======== Provided material ========

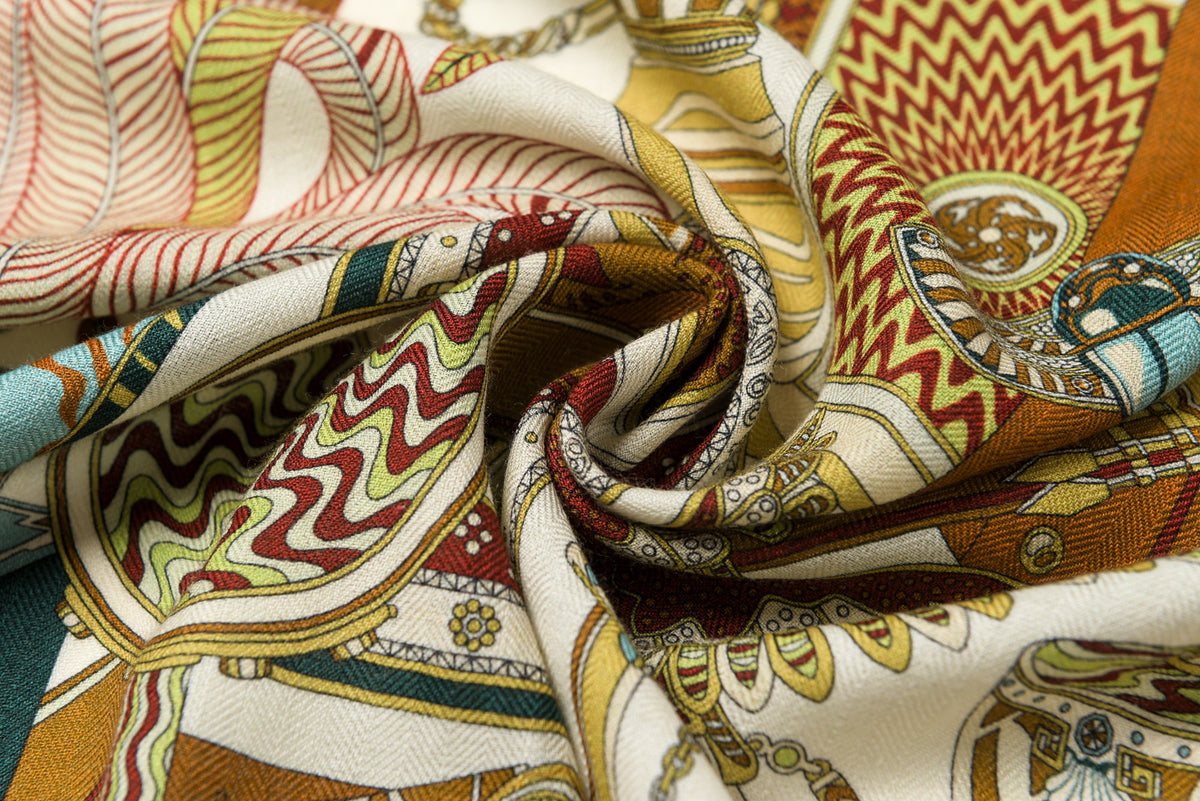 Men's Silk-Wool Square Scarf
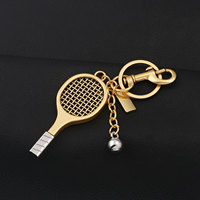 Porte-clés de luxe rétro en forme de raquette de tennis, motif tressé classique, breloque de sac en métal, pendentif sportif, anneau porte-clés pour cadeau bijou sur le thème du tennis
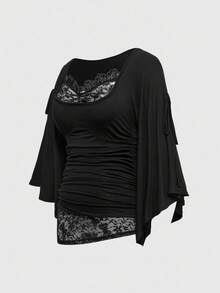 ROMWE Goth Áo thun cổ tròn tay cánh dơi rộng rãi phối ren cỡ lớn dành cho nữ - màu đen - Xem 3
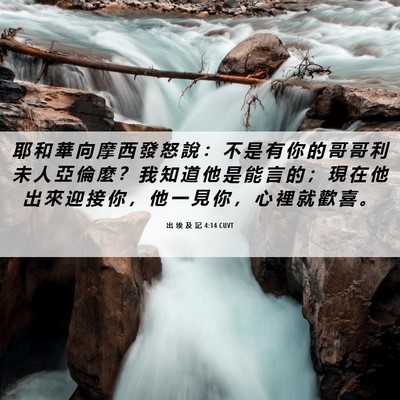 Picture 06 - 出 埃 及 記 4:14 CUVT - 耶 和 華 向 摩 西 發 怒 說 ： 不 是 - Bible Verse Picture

========

▶ _Try it_:
Pictures stay out. Write out everything else in the material exactly.

▶ _Task result_:
 Men's Silk-Wool Square Scarf
 Porte-clés de luxe rétro en forme de raquette de tennis, motif tressé classique, breloque de sac en métal, pendentif sportif, anneau porte-clés pour cadeau bijou sur le thème du tennis
 ROMWE Goth Áo thun cổ tròn tay cánh dơi rộng rãi phối ren cỡ lớn dành cho nữ - màu đen - Xem 3
 Picture 06 - 出 埃 及 記 4:14 CUVT - 耶 和 華 向 摩 西 發 怒 說 ： 不 是 - Bible Verse Picture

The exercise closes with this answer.